Le CNFPT peut confier des missions à un agent pris en charge auprès d’un département sans mise à disposition et, par conséquent, sans décharger la collectivité d’origine d’une partie des contributions qu’elle lui verse !

Par un arrêt Centre national de la fonction publique territoriale du 28 décembre 2018 (req. n° 411695), le Conseil d’État a considéré que le CNFPT peut confier des missions à un agent pris en charge auprès d’une collectivité sans mise à disposition.

Par conséquent, la collectivité qui employait précédemment l’agent ne peut demander une décharge à due concurrence des contributions versées au titre de la prise en charge, car, selon l’alinéa 5 de l’article 97 bis de la loi du 26 janvier 1984, ce n’est que « lorsque le fonctionnaire fait l’objet d’une mise à disposition prévue à l’article 61 ou à l’article 62, [que] la contribution est réduite à concurrence du remboursement effectué par la collectivité, l’établissement ou l’organisme d’accueil jusqu’à la fin de la période de mise à disposition ».

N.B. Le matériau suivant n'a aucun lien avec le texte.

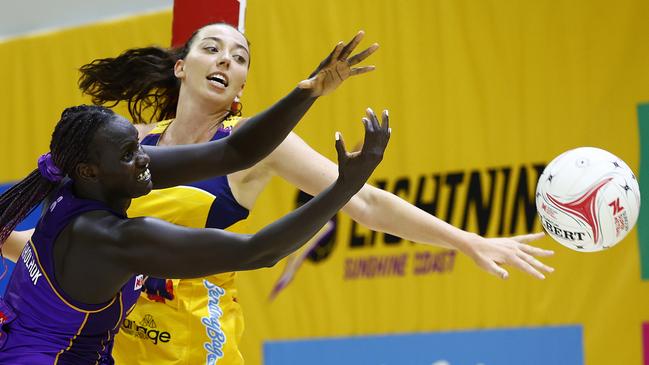 SUNSHINE COAST, AUSTRALIA - APRIL 26: Mary Cholhok of the Firebirds and Ashleigh Ervin of the Lightning compete for the ball during the round three Super Netball match between Sunshine Coast Lightning and Queensland Firebirds at UniSC Arena, on April 26, 2025, in Sunshine Coast, Australia. (Photo by Russell Freeman/Getty Images)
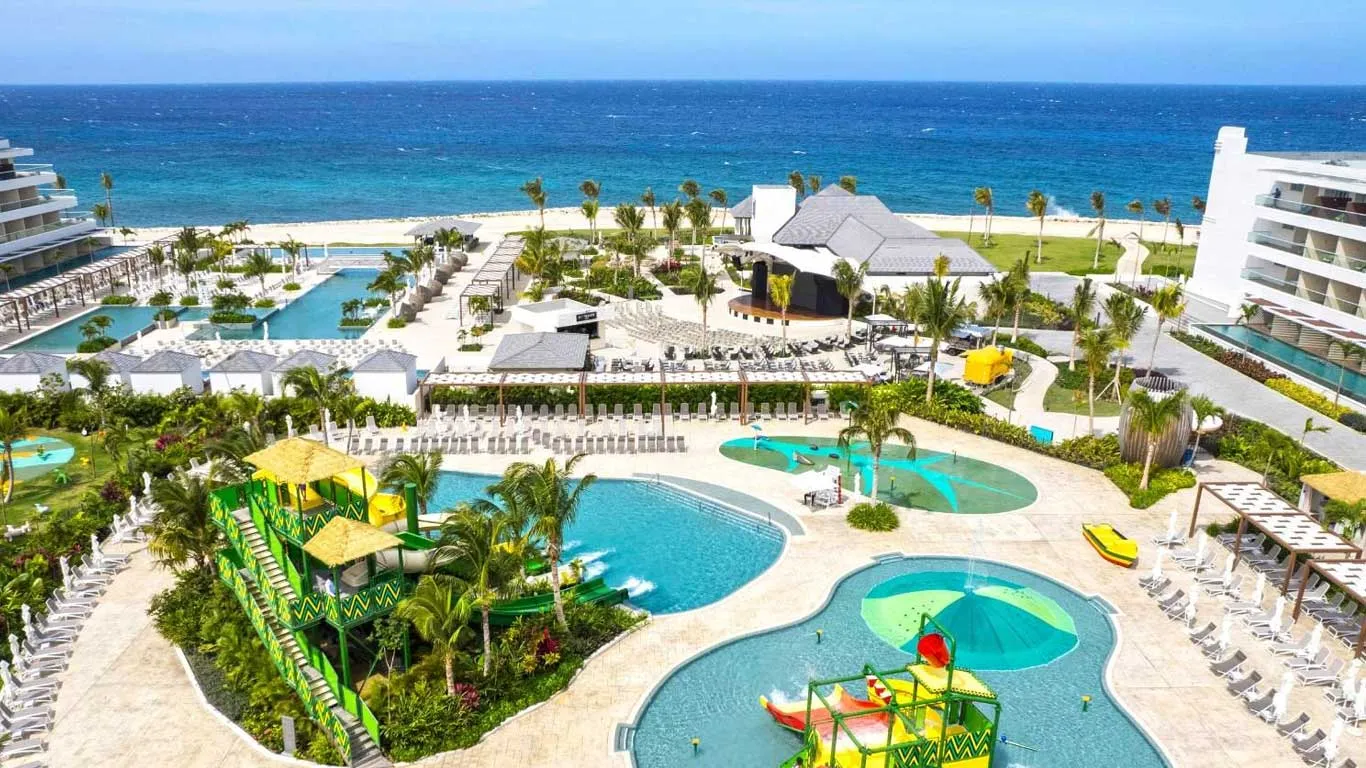 The pools at Princess Grand Jamaica, with the sea behind them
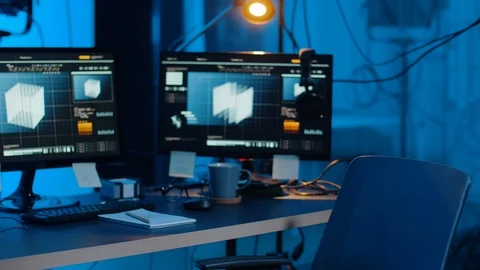 Hacker putting headphones on getting to computers Stock Footage 107379724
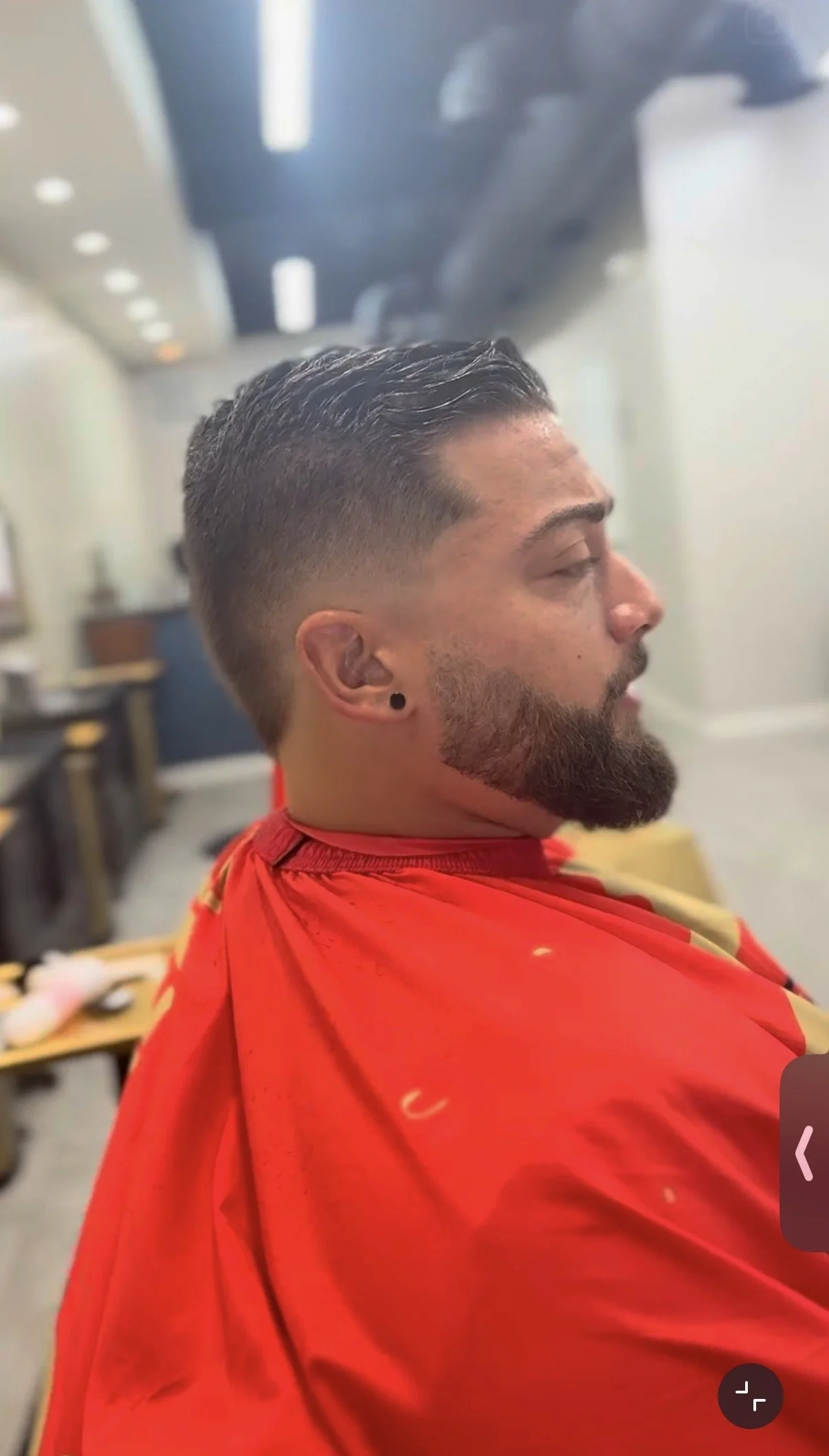 Man with short styled hair and beard sitting in a barbershop chair, wearing a red barber cape, with closed eyes.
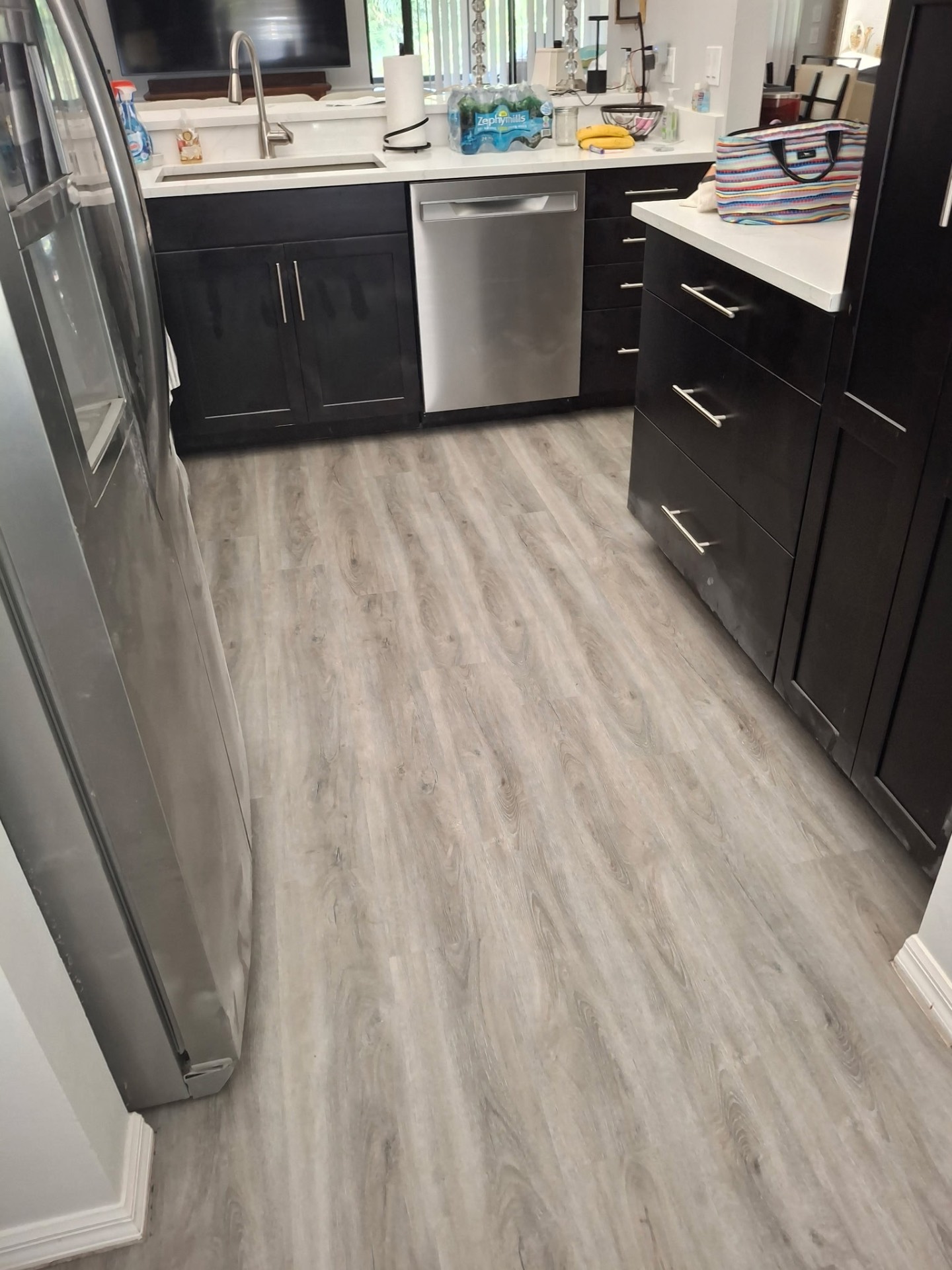 Finished plank flooring in a kitchen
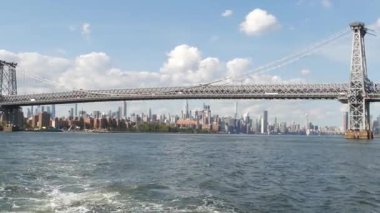 Feribottan New York City silueti. Manhattan şehir merkezindeki gökdelenler feribottan görünüyor. Doğu nehri kıyısı manzarası, nehir kıyısındaki binalar ABD suları yakınında. Williamsburg Köprüsü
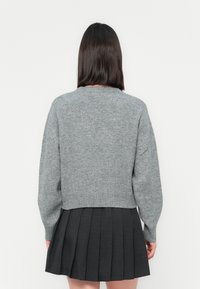 Frau mit schulterlangem, dunklem Haar, die einen grauen Strickpullover und einen schwarzen Faltenrock trägt, steht vor einem schlichten weißen Hintergrund.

Si cette jurisprudence a fait une heureux, à savoir le département qui a profité de prestations gratuites, elle laisse néanmoins dubitatif…

En l’espèce, le CNFPT a pris en charge, à compter du mois d’août 2009, Mme B…, ingénieure en chef de classe normale, dont l’emploi de directeur au Syndicat des énergies du département de l’Isère avait été supprimé par une délibération du 30 juin 2008. Alors que Mme B… était ainsi prise en charge, elle s’est vu confier une mission dans les services du département de la Loire entre le 13 mai et le 12 novembre 2013.

Le CNFPT n’en a pas moins émis à l’encontre du Syndicat des énergies du département de l’Isère des titres de recettes correspondant à la part de rémunération de Mme B… à la charge du syndicat durant cette période, ce que ledit syndicat a contesté devant le tribunal administratif de Paris. Par jugement du 26 mai 2015, ce dernier a déchargé le syndicat de la somme de 25 069,67 euros. Ce jugement ayant été confirmé par un arrêt de la cour administrative d’appel de Paris en date du 25 avril 2017, le CNFPT s’est pourvu en cassation devant le Conseil d’État.

Bien lui en a pris puisque la Haute-Assemblée confirme l’arrêt d’appel aux motifs « qu’il résulte de l’article 97 de la loi du 26 janvier 1984 que le fonctionnaire qui a perdu son emploi et qui est pris en charge par le Centre national de la fonction publique territoriale est placé sous l’autorité du centre qui exerce à son égard les prérogatives de l’autorité investie du pouvoir de nomination ; que, pendant cette prise en charge, le centre peut confier au fonctionnaire des missions qui sont exercées soit pour le compte du centre pour satisfaire ses besoins propres, soit pour le compte de collectivités territoriales ou d’établissements publics ; que si l’article 97 prévoit que ces dernières missions exercées pour le compte de collectivités territoriales ou d’établissements publics peuvent être assurées dans le cadre d’une mise à disposition dans les conditions prévues aux articles 61 et 62 de la loi du 26 janvier 1984, ni les termes de cet article ni aucune autre disposition de la loi n’imposent d’avoir recours exclusivement à cette position statutaire ; que, par suite, en jugeant que la mission confiée à Mme B. par le Centre national de la fonction publique territoriale, exercée au sein des services du département de la Loire pour le compte de cette collectivité, ne pouvait que prendre la forme d’une mise à disposition dans les conditions prévues par les article 61 et suivants de la loi du 26 janvier 1984, pour en déduire que le Syndicat des énergies du département de l’Isère, ancien employeur public de Mme B., devait être déchargé des sommes réclamées par le Centre national de la fonction publique territoriale pour sa prise en charge pendant la période considérée, la cour administrative d’appel de Paris a commis une erreur de droit ».